Just like with doing a business plan, investing must follow the six steps outlined below:

  1. Determine return objectives
  2. Assess risk tolerance
  3. Review available investment outlets
  4. Form optimally diversified portfolios
  5. Monitor investment performance

Many times, people come up to me to ask about where they can already put their (hard-earned) money. And invariably, I tell them that if they haven’t determined their return objectives and assessed their risk tolerance, they are setting themselves up for a dangerous investing voyage. They are like a ship without a rudder.

In fact, financial institutions and central banks have realized the folly of many investors of plunking their money in instruments that were not aligned with their return and risk preferences. That is why globally, investors are now being asked to fill up a suitability assessment that is designed to protect them. If the suitability assessment reveals that an investor is highly risk averse, then the financial institution should not peddle any high risk investment to him.

By already asking for the vehicles to invest in, people tend to forget the first two important steps to investing. And because they are focused on particular investments and not a diversified portfolio, they also tend to forget step 4.

Investing is not all about return. It is also about managing the risks. And one of the best ways to manage investment risk is to diversify or hold on to several positions whose individual risk characteristics tend to offset each other’s. Put another way, the poor performance of certain investments can be offset by the stellar performance of the others, giving the portfolio a still decent return. However, be wary of too much diversification as gains in some, even though they may be great, will hardly be felt for the entire portfolio.

The Set Rule

The 5 basic steps in investing actually pertain to investing directly, whether it is in financial securities or investing in a business. At our company, the Personal Finance Advisers Philippines Corporation or PFA, we developed a simple framework for determining whether a person should invest directly or not.

SET is an acronym for size of funds, expertise in investing and time to manage investments. Investing directly requires sizeable funds. Sure a person may be able to open an online stock brokerage account for only php25,000. However, those funds will not afford extraordinary care from the stock broker in terms of feeds of breaking corporate and economic news, and expected flow of funds in the stock market.
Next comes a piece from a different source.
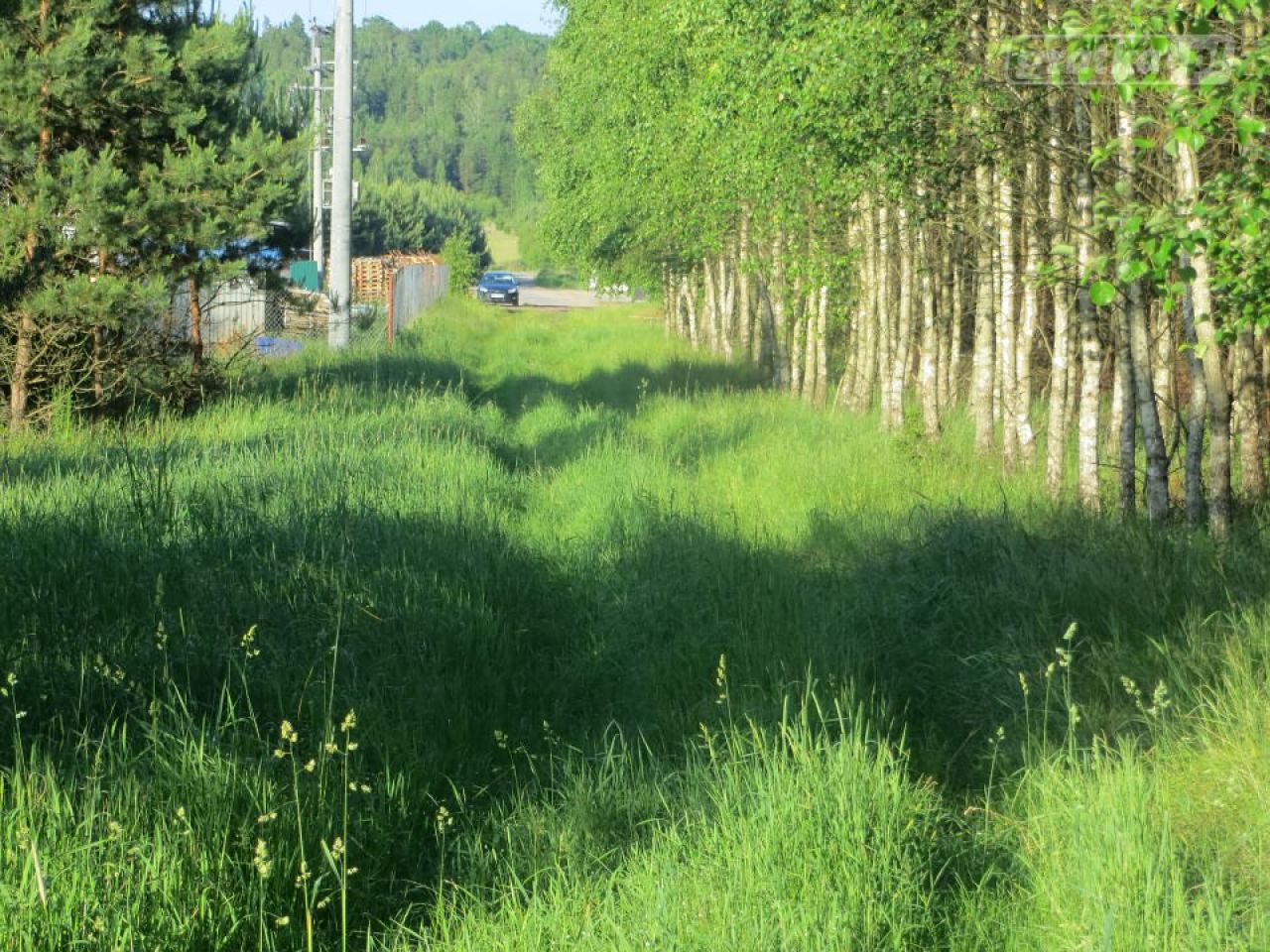 Działka siedliskowa Kołodno. Zdjęcie 3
Moreover, any news or analysis will only come from one stock broker and will not be balanced or validated by another.

When it comes to a business, working capital needs alone will require sizeable funds, not to mention funds needed for capital expenditures. The typical single proprietor also tends to forget that he has to provide for the working capital needs of his own household on top of those of his business. Funds will be needed to send the children to school, put food on the table, pay utilities and many more. Setting aside capital for the business alone will lead to early withdrawals to fund household needs and eventually a business lacking in capital.

Investing requires expertise. For any business to flourish there must be expertise in the four basic functions, namely: production, marketing, finance and human resources. If there is anything I have learned from running many businesses before it is that no one can be a jack of all trades. Investing in a business requires teamwork with the team members having their own line of specialization.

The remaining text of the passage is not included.